Python urllib2.urlopen bug:超时错误导致我的互联网连接中断?
我不知道我是否做错了什么,但我 100% 确定是 python 脚本导致了我的互联网连接中断。
我编写了一个Python脚本来抓取数千个文件头信息,主要是为了Content-Length使用HEAD请求来获取每个文件的确切大小。
示例代码:
class HeadRequest(urllib2.Request):
def get_method(self):
return "HEAD"
response = urllib2.urlopen(HeadRequest("http://www.google.com"))
print response.info()
运行几个小时后,脚本开始抛出 urlopen 超时错误,从那时起我的互联网连接就断开了。关闭该脚本后,我的互联网连接将始终立即恢复。一开始我以为可能是连接不稳定,但是运行了几次后,发现是脚本的问题。
我不知道为什么,这应该被视为一个错误,对吧?或者我的 ISP 禁止我做这样的事情? (我已经将程序设置为每个请求等待10秒)
顺便说一句,我正在使用VPN网络,这与此有关吗?
I don't know if I'm doing something wrong, but I'm 100% sure it's the python script brings down my Internet connection.
I wrote a python script to scrape thousands of files header info, mainly for Content-Length to get the exact size of each file, using HEAD request.
Sample code:
class HeadRequest(urllib2.Request):
def get_method(self):
return "HEAD"
response = urllib2.urlopen(HeadRequest("http://www.google.com"))
print response.info()
The thing is after several hours running, the script starts to throw out urlopen error timed out, and my Internet connection is down from then on. And my Internet connection will always be back on immediately after I close that script. At the beginning I thought it might be the connection not stable, but after several times running, it turned out to be the scripts fault.
I don't know why, this should be considered as a bug, right? Or my ISP banned me for doing such things? (I already set the program to wait 10s each request)
BTW, I'm using VPN network, does it have something to do with this?
如果你对这篇内容有疑问,欢迎到本站社区发帖提问 参与讨论,获取更多帮助,或者扫码二维码加入 Web 技术交流群。
绑定邮箱获取回复消息
由于您还没有绑定你的真实邮箱,如果其他用户或者作者回复了您的评论,将不能在第一时间通知您!
发布评论
评论(2)
我猜想您的 ISP 或 VPN 提供商会因为大量可疑流量而限制您,或者您的路由器或 VPN 隧道因半开放连接而堵塞。消费者互联网实际上并不适合蜘蛛类型的活动。
I'd guess that either your ISP or VPN provider is limiting you because of high-volume suspicious traffic, or your router or VPN tunnel is getting clogged up with half-open connections. Consumer internet is REALLY not intended for spider-type activities.
我们甚至无法开始猜测。
您需要在计算机上收集数据并将该数据包含在您的问题中。
换一台电脑。运行你的脚本。另一台电脑的互联网访问是否也被阻止?或者它仍然有效吗?
如果两台计算机都被阻止,则不是您的软件问题,而是您的提供商问题。使用此信息更新您的问题以及您如何获得该信息。
如果只是运行脚本的计算机被停止,那不是你的提供商的问题,而是你的操作系统资源被耗尽。这更难诊断,因为它可能是内存、套接字或文件描述符。通常是它的套接字。
您需要找到一些适合您的操作系统的 ifconfig/ipconfig 诊断软件。
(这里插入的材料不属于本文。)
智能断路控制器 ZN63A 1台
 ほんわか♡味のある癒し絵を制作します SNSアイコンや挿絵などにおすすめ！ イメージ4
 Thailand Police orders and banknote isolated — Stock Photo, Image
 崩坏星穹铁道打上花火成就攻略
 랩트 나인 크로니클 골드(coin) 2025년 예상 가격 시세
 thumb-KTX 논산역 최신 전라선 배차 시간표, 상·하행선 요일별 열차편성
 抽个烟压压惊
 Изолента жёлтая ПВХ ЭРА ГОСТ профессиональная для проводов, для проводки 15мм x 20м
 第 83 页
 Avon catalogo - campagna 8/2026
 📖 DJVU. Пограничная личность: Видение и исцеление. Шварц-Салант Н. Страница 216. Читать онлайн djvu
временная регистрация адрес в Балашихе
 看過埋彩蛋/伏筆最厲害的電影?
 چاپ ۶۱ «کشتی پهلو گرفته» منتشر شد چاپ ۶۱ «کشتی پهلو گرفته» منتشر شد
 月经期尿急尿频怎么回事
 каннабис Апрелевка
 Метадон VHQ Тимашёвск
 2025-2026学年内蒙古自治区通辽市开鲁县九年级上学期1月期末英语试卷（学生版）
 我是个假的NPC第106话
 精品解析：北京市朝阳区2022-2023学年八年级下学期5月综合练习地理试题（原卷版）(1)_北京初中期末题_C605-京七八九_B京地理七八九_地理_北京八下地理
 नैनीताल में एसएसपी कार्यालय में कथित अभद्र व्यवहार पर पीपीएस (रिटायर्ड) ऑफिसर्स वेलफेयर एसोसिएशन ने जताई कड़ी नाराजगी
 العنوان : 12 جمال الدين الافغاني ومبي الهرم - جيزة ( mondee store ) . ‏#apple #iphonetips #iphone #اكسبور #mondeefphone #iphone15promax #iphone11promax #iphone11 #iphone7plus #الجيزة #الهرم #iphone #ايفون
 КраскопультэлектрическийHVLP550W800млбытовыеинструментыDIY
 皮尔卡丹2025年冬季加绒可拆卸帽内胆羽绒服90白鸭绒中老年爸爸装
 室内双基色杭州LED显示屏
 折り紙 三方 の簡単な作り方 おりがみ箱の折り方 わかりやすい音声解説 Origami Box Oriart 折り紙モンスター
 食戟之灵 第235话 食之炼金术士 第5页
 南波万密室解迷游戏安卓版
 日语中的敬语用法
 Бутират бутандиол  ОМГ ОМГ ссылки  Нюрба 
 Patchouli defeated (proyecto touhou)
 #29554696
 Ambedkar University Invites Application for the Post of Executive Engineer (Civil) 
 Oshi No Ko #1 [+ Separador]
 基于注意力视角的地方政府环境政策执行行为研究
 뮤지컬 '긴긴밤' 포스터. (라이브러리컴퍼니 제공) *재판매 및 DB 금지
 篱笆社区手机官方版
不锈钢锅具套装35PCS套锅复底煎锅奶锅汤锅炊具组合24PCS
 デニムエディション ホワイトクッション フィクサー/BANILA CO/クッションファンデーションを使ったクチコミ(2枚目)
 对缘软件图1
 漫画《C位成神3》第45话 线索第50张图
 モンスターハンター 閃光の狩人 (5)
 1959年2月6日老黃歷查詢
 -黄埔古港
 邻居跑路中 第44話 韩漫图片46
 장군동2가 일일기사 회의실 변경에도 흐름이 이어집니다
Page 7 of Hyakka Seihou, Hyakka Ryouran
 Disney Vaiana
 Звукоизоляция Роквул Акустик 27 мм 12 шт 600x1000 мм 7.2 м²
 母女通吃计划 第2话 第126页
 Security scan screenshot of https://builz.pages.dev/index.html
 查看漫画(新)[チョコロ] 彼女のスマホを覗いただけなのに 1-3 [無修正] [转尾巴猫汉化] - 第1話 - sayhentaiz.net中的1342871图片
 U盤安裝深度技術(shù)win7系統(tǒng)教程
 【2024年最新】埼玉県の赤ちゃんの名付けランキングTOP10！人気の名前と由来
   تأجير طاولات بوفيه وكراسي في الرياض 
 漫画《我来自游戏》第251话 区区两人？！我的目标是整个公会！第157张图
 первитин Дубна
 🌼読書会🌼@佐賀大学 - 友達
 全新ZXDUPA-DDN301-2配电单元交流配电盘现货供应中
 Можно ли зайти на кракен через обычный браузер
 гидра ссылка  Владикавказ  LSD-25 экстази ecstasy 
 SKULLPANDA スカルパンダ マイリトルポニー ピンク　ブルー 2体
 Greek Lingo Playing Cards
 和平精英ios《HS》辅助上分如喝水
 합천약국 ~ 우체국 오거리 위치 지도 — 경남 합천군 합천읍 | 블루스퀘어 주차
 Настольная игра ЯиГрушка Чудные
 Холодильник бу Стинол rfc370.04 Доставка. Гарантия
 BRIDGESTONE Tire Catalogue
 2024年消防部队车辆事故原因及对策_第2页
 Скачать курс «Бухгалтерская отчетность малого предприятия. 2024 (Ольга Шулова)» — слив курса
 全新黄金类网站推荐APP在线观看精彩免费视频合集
您需要更新您的问题以准确说明您正在使用的操作系统。您需要使用此诊断软件来查看有多少打开的套接字使您的系统混乱。
We can't even begin to guess.
You need to gather data on your computer and include that data in your question.
Get another computer. Run your script. Is the other computer's internet access blocked also? Or does it still work?
If both computers are blocked, it's not your software, it's your provider. Update Your Question with this information, and how you got it.
If only the computer running the script is stopped, it's not your provider, it's your OS resources being exhausted. This is harder to diagnose because it could be memory, sockets or file descriptors. Usually its sockets.
You need to find some ifconfig/ipconfig diagnostic software for your operating system. You need to update your question to state exactly what operating system you're using. You need to use this diagnostic software to see how many open sockets are cluttering up your system.